Claimant Ivo Arrar and co-worker Milon-ja Bozovich were preparing their tools for work on the morning of September 15,1978 at the St. Louis Shipbuilding Company. Bozovich got into a fight with a third employee, Alvin Batts. Batts knocked Bozo-vich unconscious.
Batts and Arrar disagree as to what happened next. According to Batts, when he and Bozovich began to fight, “Ivo Arrar hits me, or grabs me on the back, and I turned around, and I hits [sic] him.” According to Arrar, he was standing twenty-five feet away when Batts and Bozovich began to fight. After Batts knocked out Bozovich, he walked toward Arrar. Arrar claims he thought Batts was returning to work. Arrar’s hands were in his pockets. Batts hit Arrar twice causing Arrar’s injuries. Arrar claims he did not fight back.
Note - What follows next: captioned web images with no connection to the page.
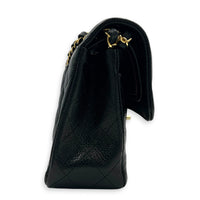 Classic Double Flap Shoulder Bag Black in Caviar Leather, Gold hardware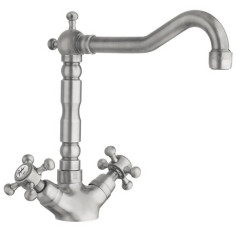 ANTEA stojánková dřezová baterie s retro hubicí, nikl (3128)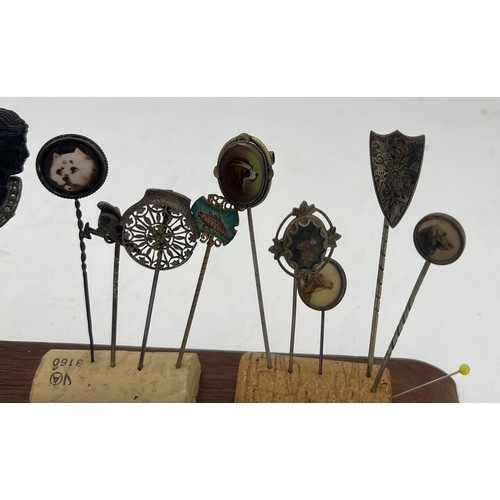 466 - Seventeen various 19th/20thC tie/stock pins to include seed pearl and hair mourning pin inscribed wi... 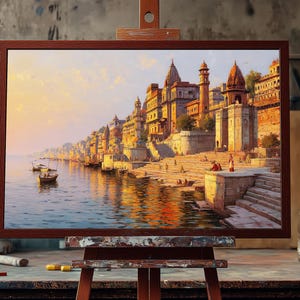 Fine Art Oil Painting Varanasi Ghats at Sunset | Hand-Painted Indian Spiritual Art | Sacred Ganges River Wall Decor | Banaras Landscape Art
Arrar filed for compensation under the Act, claiming that Batts’ blow caused him permanent partial disability from injuries to his teeth and nose and from impairment of his vision and hearing. The AU discounted Arrar’s version of his injury, and concluded the Act barred Arrar’s claim because Arrar was injured through his wilful intent to injure Batts. The Board affirmed the AU’s dismissal of Arrar’s claim.1
*20II. DISCUSSION.
The Longshoremen’s and Harbor Workers’ Compensation Act provides that compensation shall be paid to covered employees suffering accidental injury in the course of employment. 33 U.S.C.A. § 903(a). The Act excludes compensation of those injuries incurred solely through the employee’s wilful intent to injure another. 33 U.S.C.A. § 903(b) (West Supp.1985). The Act presumes, however, that an employee’s injury did not occur through such a wilful intent to injure another. 33 U.S.C. § 920(d) (1982). A contesting employer successfully rebuts this presumption only by producing substantial evidence to the contrary. Id.
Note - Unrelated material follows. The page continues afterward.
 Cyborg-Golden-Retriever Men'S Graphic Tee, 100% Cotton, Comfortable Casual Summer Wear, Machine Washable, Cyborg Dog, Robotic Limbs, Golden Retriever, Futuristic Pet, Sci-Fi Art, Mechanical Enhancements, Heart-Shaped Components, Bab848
The AU and the Board determined that Batts’ testimony that Arrar “hit” or “grabbed” him was sufficient evidence to rebut the Act’s statutory presumption in favor of Arrar. Arrar contends that this testimony showed, at most, that he voluntarily entered the fray, but did not constitute substantial evidence that he intended to injure Batts.
We agree. Batts’ ambiguous statement that Arrar “hit” or “grabbed” Batts on the back supports the conclusion that Arrar was attempting to stop the fight between Bátts and Bozovich as readily as it supports the conclusion that Arrar intended to injure Batts. The testimony therefore sheds no light on Arrar’s subjective intent and certainly cannot constitute substantial evidence that Arrar’s injury arose solely through his wilful intent to injure Batts. The equivocal statement made by Batts fails to overcome the statutory presumption in this case.
Accordingly, we reverse the decision and order of the Board, and remand this case to the Board for a determination of disability and such award, if any, as may be proper in light of that ruling on disability.